## DATA SUPPLIED
=== Begin Enclosure ===

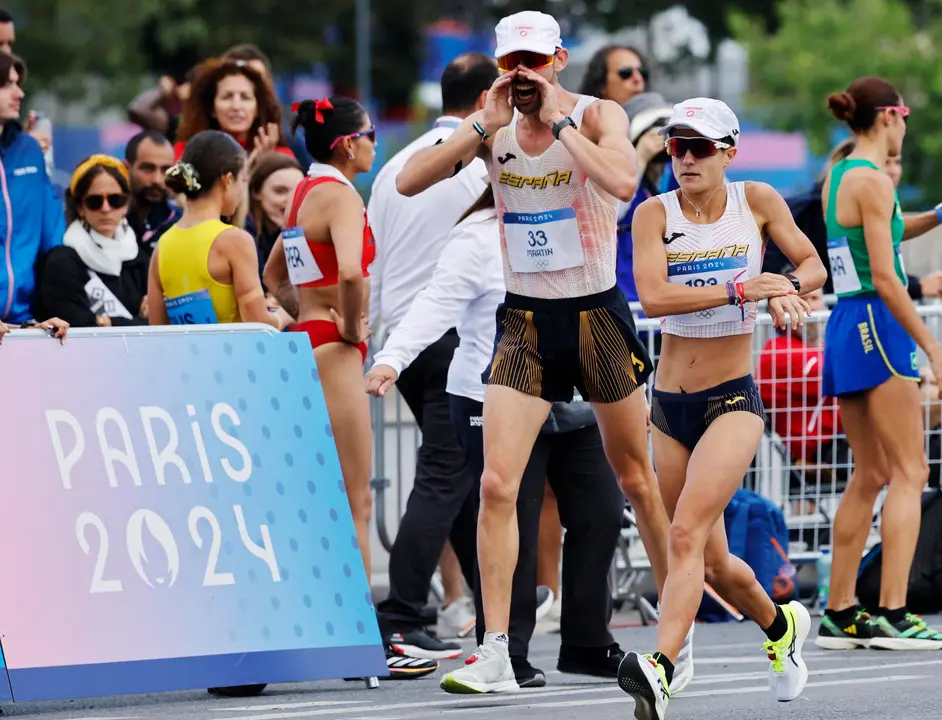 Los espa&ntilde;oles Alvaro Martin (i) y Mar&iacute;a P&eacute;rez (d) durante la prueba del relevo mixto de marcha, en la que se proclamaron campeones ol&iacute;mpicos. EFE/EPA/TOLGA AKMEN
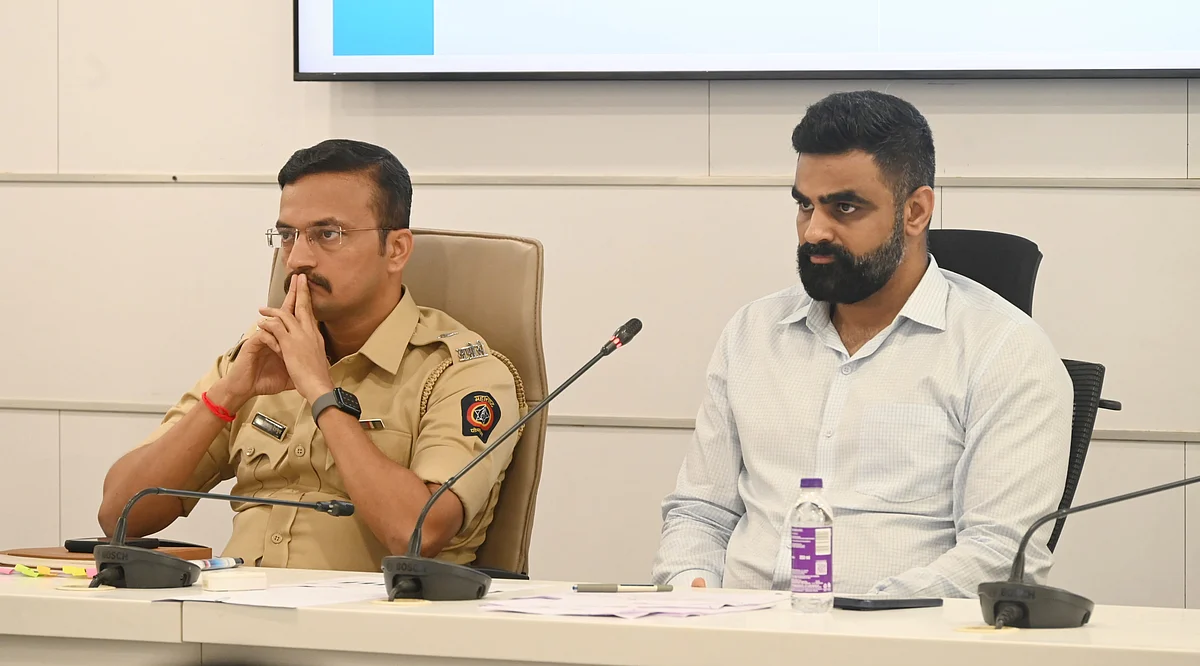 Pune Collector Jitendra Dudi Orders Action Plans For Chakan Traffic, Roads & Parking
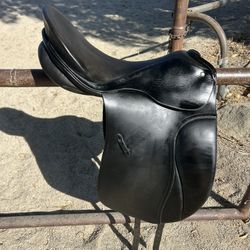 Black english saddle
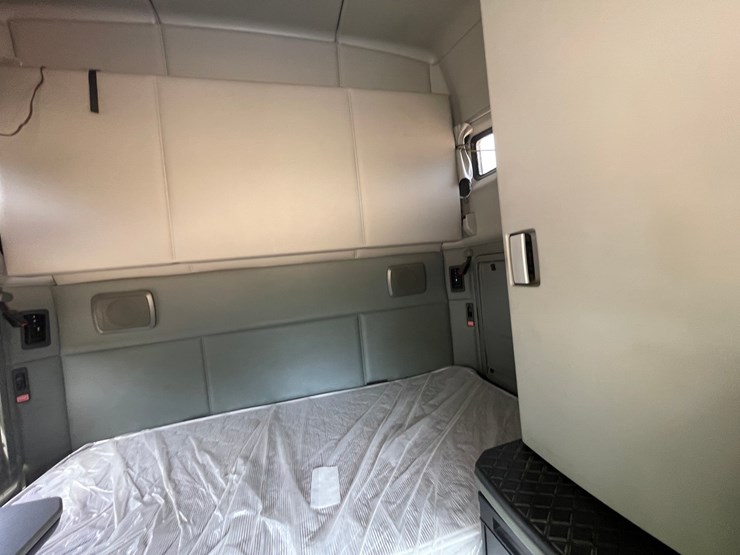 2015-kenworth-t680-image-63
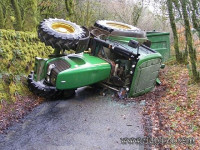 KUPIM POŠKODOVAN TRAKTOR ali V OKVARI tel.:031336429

=== End Enclosure ===
=== Begin Enclosure ===

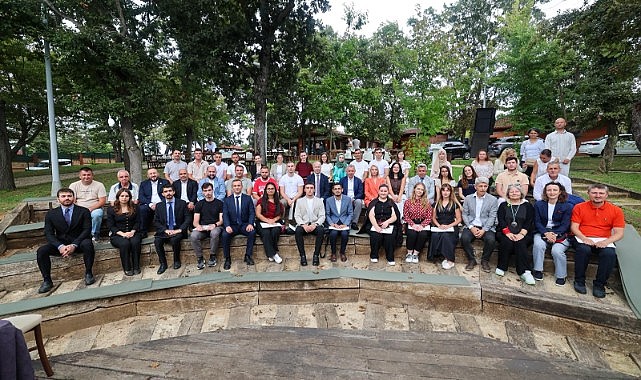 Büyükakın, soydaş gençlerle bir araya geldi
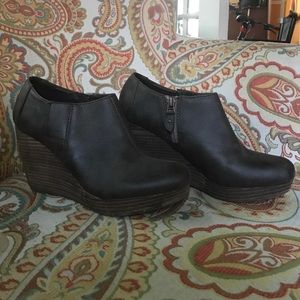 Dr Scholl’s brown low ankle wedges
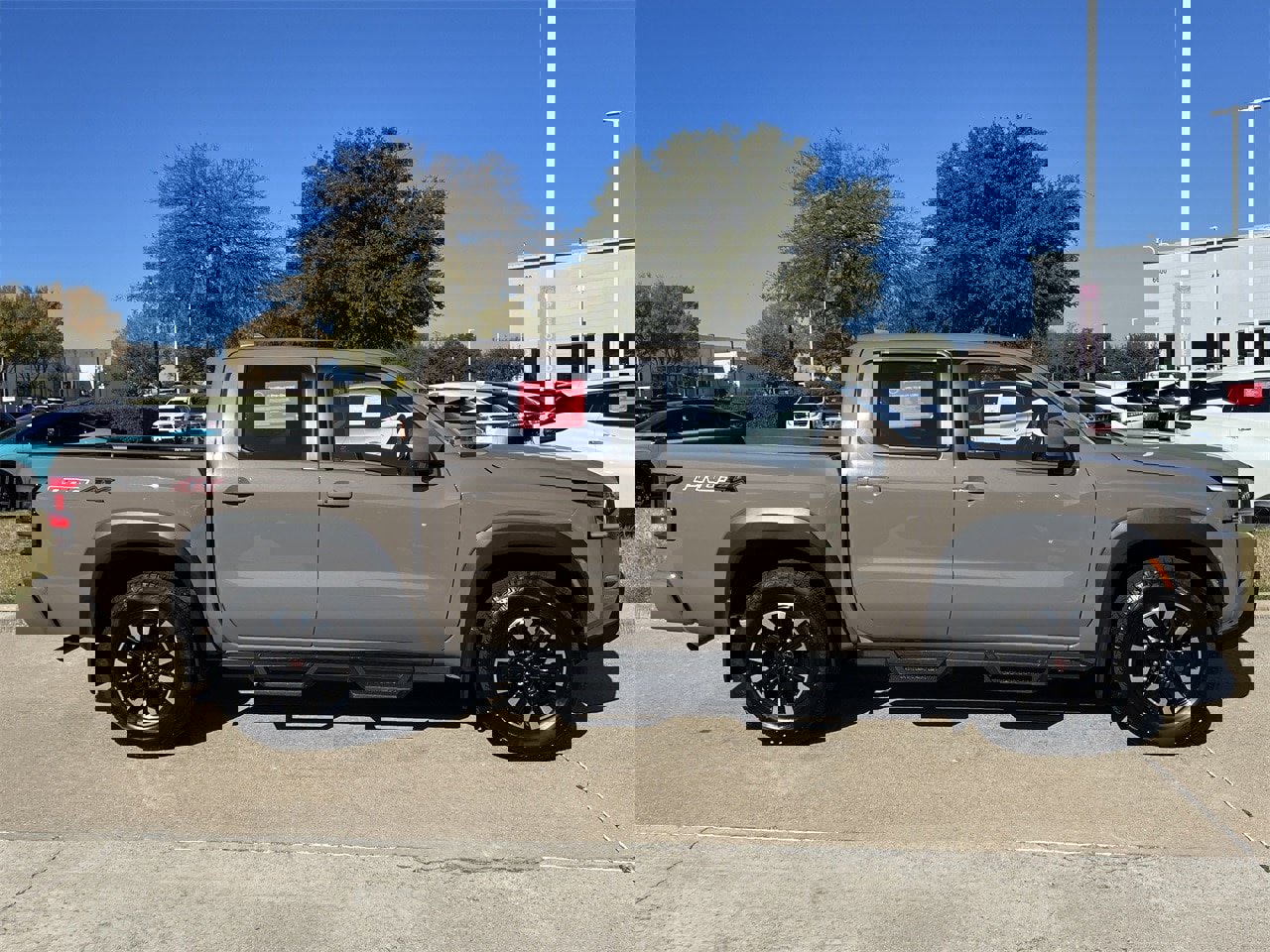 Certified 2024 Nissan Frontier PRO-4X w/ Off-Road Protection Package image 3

=== End Enclosure ===
=== Begin Enclosure ===

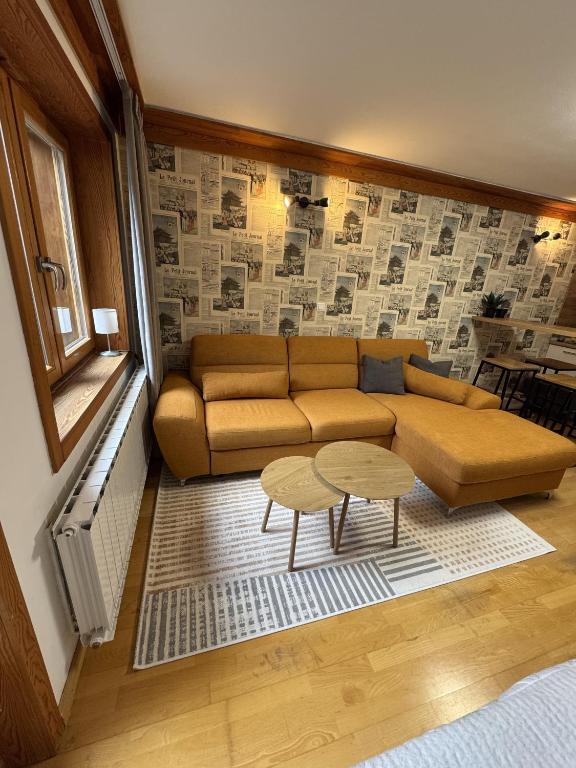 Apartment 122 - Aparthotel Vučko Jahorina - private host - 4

=== End Enclosure ===

## WORK ORDER
Transcribe only this stretch of the data: the line with "Büyükakın, soydaş gençlerle bir araya geldi", the line with "Certified 2024 Nissan", and every line in between. Leave out the pictures.

## RESULT FOR THIS TASK
 Büyükakın, soydaş gençlerle bir araya geldi
 Dr Scholl’s brown low ankle wedges
 Certified 2024 Nissan Frontier PRO-4X w/ Off-Road Protection Package image 3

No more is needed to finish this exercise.